Apologies in advance, a number of the photos below are not my own.There'll be more next time, I promise. 




I haven't written anything in a while but, as I listen to yet another protest bulldozing its noisy way down my street the long and the short of it is: It's been good. Further details below. 

Returning to ride busses all over Santiago after a fantastic trip to Bolivia in July proved fairly difficult at first, but the trip away helped solidify my love for this city which has continued to grow in recent months. This may in fact be a case of Stockholm Syndrome, but who knows. I have enjoyed it, even the busses sometimes. Speaking of public transport, after all this time, I’ve learned how to tame it. From where to stand, when to dodge, when to duck, when to jump. Which person to swing an elbow at for no particular reason. I have also mastered the appropriate breathing techniques for boarding a train at rush hour. The trick is to hold your breath while sucking in your stomach and chest also (the difficult part) otherwise you risk leaving bits outside to be taken by the snapping doors. Rush hour is not for the overweight. With elections, difficult anniversaries, and most importantly crucial football qualifiers bearing down on Chile as the year draws to a close, the second semester so far has been stressful, joyful, and enriching.

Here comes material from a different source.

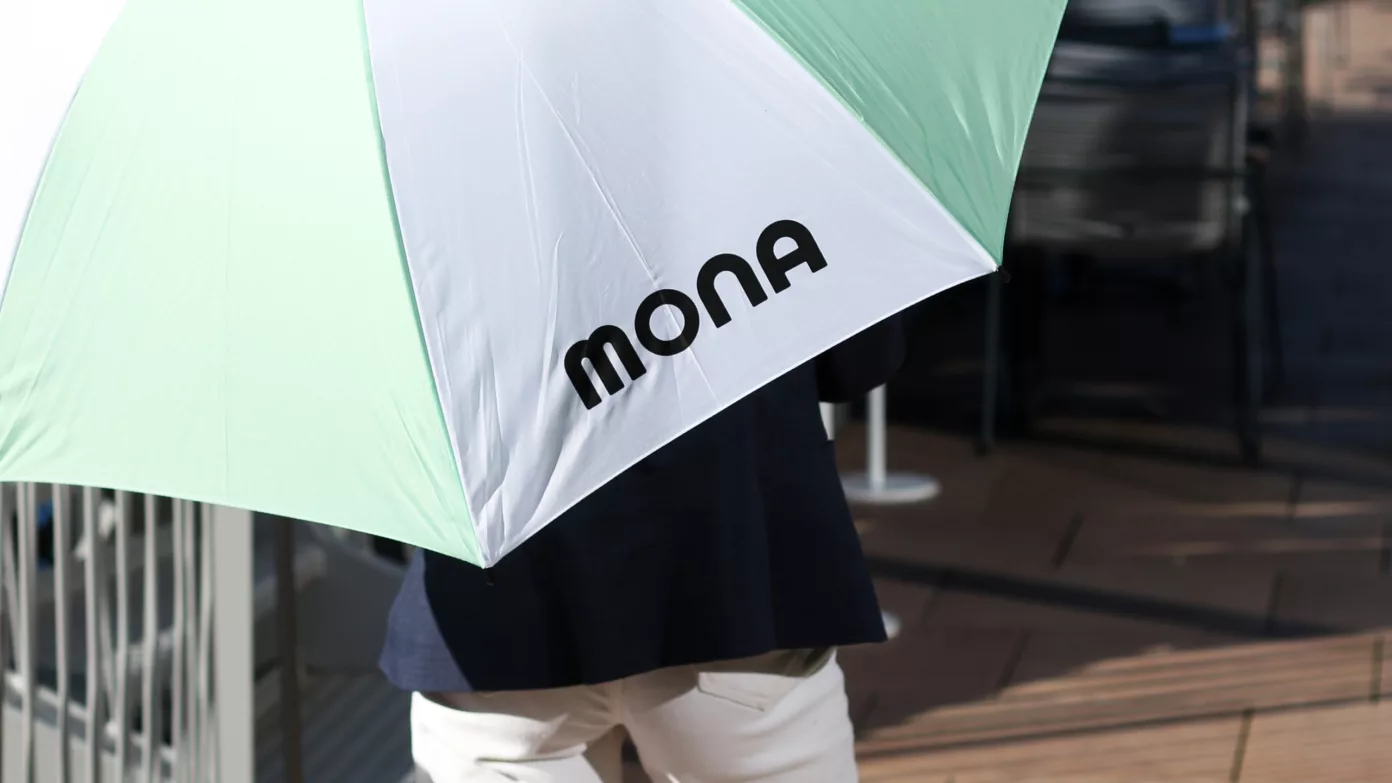 A guest under a mint and white MONA umbrella, on a jetty.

A very loaded point on the Chilean calendar, the 11th of September is a notoriously “difficult” day for Chile; and particularly so this year. The 11th of September 2013 marked 40 years since General Augusto Pinochet launched his coup d’état against the Socialist president who appointed him, Salvador Allende, by bombing the Presidential Palace at La Moneda. The atmosphere in the city leading up to this anniversary was electric. Electric in the “touch the plug on the way out of the wall” sense. There was talk of burning city busses en masse, public service announcements from the police kindly asking people to throw Molotov cocktails at police cars rather than parked ones (in all seriousness), and of course a slew of excellent documentaries on this period of Chilean history. A few days previously Chileans had been dancing in the streets celebrating a key victory over Venezuela, and now the country was divided between left and right. A subplot which added more weight to this day was that of the two main candidates running for the presidency in November, one had lost a father to the coup while the other’s father figured prominently in the events of the 11th of September on the other side of the narrative.



Taking a walk around the city with my camera, I was struck by just how painful this day truly is for many Chileans; making me feel tacky for stomping around gringoly with my camera. Wreathes were laid out around the presidential complex, the focal point of the drama of 1973, and the statue of Allende. In numerous other spots flowers were laid by weeping relatives below photo after photo of the despedidos, the missing, accompanied by the phrase “¿Dónde están?” (Where are they?). Since one popular technique of the Pinochet regime involved dropping people out of an army helicopter over the Pacific, at this point the bereaved will just never know. And the pain continues to be revisited time and again as the scars on the individual and collective consciousness never seem to truly heal. Seeing this first hand reminded me that, however flawed the process and outcomes may have been of the Truth and Reconciliation Commission in South Africa, at least it gave people the chance to know. Not knowing can wreak havoc on the national and personal psyche and this was tragically evident on the streets of Santiago that day.
Without justice, there is no apology.

I had planned to take a bus or a train home in the evening, stupidly forgetting all of the warnings that there’d be problems across the city that night, assuming I’d at least be able to take a train and the centre of the city would be peaceful at least as all reported flareups* that day had been limited to the poorer suburbs away from the expensive stuff. And peaceful it was. There were no trains, busses, cars, pedestrians, even the dogs seemed to have taken an early night, and so I began a surreal walk across what was essentially a ghost town. The entire city had shut down. Except of course for a few criminals, two of whom decided to rudely relieve me of my wallet, phone, and camera in a brief mugging.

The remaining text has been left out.